Duplo espanto
Antonio Delfim Netto
Fomos surpreendidos semana passada por dois fatos: 1º) a redução da taxa Selic de 12,50% para 12% ao ano, promovida pelo Comitê de Política Monetária do Banco Central e 2º) a reação hidrofóbica de analistas do mercado financeiro que se pensam portadores da "verdadeira" ciência monetária. Para estes, o Copom teria violado não só as recomendações da tal "ciência", como teria comprometido, irremediavelmente, a credibilidade do Banco Central.
Qual a razão da crítica fumegante? Segundo seus autores, a decisão "foi claramente política" e desrespeitou os cânones da "ciência" que supõem praticar.
O Copom teria trocado sua "autonomia operacional" pelas graças do governo... Para alguns, reforçou-se, assim, a necessidade de reconhecer que essa "autonomia" é insuficiente: o BC precisa mesmo, é ser "independente" do poder incumbente que ignora a ciência e é corrupto por definição!
O poder eleito por 60 milhões de votos deve entregar a condução da política monetária a meia dúzia de sacerdotes não eleitos, com mandatos irrevogáveis que supostamente conhecem e professam a religião da salvação monetária!
Tais críticas têm duas fraquezas: 1º) a tal "ciência monetária" não existe. A política monetária deve ser uma combinação de sólidos conhecimentos da situação conjuntural e de como reagem os agentes econômicos (trabalhadores e empresários) ante as manobras da taxa de juros real.
Ela é uma "arte" que comporta visões alternativas diante das incertezas do futuro. Como os efeitos monetários se fazem sentir ao longo do tempo, só este é capaz de dizer "a posteriori" se a perspectiva escolhida foi certa ou errada.

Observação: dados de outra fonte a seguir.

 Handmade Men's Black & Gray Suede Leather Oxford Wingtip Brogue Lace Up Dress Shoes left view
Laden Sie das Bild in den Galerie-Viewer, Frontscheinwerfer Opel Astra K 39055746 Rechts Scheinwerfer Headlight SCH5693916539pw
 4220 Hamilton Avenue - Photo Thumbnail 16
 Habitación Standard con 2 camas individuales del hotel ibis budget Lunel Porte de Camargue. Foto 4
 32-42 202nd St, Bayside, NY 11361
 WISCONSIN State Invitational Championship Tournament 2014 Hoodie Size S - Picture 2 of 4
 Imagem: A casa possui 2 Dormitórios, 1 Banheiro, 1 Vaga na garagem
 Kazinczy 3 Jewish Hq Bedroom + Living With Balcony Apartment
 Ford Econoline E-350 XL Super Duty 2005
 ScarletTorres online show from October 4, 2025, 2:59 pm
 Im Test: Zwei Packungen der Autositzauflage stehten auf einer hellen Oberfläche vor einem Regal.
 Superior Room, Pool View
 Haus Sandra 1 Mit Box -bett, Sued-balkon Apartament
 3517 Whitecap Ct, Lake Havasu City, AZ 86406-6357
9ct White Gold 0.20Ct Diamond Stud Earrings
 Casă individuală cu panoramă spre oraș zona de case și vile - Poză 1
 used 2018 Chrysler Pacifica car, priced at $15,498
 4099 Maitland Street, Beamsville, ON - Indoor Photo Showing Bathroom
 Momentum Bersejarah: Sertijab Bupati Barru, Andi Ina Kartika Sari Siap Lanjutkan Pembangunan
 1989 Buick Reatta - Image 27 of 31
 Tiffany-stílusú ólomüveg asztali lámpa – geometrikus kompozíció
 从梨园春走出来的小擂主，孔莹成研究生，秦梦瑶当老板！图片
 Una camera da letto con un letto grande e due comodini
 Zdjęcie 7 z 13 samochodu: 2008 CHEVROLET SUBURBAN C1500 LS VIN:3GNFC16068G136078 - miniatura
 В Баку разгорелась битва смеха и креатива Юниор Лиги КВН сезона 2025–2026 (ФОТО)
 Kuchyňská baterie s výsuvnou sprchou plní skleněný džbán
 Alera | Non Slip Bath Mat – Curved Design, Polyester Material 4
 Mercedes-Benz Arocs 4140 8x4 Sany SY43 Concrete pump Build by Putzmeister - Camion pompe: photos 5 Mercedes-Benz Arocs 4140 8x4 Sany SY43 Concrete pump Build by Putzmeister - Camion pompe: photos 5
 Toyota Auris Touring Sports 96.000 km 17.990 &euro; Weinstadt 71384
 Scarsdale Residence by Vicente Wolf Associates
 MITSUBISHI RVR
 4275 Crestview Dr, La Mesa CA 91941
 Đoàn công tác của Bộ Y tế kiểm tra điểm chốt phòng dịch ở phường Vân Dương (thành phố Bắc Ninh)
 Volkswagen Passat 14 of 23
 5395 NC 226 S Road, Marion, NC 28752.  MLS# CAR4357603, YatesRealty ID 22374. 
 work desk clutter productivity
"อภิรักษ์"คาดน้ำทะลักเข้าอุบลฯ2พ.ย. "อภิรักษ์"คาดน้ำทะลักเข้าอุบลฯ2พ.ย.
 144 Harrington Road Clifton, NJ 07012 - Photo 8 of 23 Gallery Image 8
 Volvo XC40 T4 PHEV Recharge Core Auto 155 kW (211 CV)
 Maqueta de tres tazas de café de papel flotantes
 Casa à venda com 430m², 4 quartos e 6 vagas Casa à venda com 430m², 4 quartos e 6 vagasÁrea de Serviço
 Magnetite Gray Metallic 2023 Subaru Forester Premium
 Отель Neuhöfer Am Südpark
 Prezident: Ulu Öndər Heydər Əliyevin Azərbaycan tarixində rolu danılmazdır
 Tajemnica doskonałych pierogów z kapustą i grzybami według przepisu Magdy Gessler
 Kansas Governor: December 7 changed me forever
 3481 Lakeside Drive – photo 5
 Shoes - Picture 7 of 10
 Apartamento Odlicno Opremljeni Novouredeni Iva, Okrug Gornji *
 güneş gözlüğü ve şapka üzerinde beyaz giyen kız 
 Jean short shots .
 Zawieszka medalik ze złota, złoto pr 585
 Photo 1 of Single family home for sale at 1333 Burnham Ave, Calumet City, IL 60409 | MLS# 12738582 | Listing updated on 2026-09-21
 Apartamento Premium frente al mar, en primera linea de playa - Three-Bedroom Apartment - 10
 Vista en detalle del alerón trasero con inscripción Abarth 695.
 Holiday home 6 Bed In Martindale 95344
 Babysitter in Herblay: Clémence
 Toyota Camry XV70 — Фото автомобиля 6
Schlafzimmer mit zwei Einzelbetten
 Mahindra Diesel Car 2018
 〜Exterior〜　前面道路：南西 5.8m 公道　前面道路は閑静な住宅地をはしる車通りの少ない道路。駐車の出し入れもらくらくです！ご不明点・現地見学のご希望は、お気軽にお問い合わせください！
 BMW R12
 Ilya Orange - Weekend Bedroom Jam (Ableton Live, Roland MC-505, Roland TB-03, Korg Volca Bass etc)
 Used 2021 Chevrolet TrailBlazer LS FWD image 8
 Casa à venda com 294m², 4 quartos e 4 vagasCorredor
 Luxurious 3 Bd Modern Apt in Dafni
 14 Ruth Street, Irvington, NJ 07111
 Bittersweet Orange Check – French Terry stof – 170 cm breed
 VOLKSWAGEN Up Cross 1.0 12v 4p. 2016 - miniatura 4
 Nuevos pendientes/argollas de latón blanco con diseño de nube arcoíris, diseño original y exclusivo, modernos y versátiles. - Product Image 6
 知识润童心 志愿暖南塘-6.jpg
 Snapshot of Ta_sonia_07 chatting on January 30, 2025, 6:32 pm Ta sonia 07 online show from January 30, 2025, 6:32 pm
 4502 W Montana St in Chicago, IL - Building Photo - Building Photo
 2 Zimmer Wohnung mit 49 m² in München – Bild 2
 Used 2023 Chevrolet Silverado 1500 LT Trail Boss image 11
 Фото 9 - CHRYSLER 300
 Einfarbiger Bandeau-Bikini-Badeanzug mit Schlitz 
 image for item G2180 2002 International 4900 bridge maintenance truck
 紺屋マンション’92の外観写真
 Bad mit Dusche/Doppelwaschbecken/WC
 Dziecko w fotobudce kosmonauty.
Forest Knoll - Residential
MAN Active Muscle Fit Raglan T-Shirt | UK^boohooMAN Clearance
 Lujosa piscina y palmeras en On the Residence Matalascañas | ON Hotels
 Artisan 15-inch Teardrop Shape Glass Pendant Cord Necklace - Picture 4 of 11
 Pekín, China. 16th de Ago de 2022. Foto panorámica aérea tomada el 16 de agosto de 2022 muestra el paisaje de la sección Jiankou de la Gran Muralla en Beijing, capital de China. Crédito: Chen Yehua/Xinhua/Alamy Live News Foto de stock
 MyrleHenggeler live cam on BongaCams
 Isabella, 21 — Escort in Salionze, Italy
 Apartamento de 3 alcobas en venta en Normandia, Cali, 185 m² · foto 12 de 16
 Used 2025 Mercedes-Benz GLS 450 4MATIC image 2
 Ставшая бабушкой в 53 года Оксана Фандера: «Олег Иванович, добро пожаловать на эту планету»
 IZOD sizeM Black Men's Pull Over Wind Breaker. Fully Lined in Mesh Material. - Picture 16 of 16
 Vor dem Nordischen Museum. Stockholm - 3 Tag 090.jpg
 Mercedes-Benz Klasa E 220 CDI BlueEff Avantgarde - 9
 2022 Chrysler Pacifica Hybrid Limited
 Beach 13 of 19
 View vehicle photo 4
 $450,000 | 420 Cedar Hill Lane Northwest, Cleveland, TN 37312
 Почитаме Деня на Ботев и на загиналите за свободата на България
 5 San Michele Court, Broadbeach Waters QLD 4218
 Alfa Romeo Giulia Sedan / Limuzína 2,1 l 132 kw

Estando o mundo caindo aos pedaços, é muito provável que a adotada pelo Copom possa materializar-se. Seria ridículo repetir o que os mesmos analistas recomendaram em 2008: "esperar para ver" e 2º) a acusação que o "BC rendeu-se ao governo" é irresponsável, injusta e arrogante.
Irresponsável, porque colhida furtivamente de "fontes preservadas" e que talvez seja apenas imaginação conveniente, desmentida, aliás, pela existência de votos divergentes. Injusta, porque pela primeira vez em duas décadas o Banco Central é, efetivamente, um órgão de Estado, com menor influência do setor financeiro privado. E arrogante, porque supõe que nenhuma visão e interpretação da realidade que não seja a sua possa ser adequada.
É hora de saudar a "estatização" do BC e a sua decisão.
Se ela continuar, como tudo indica, apoiada pela política fiscal de longo prazo do governo Dilma, teremos iniciado a resolução do maior enigma brasileiro: a normalização da teratológica taxa de juros real que nos acompanha.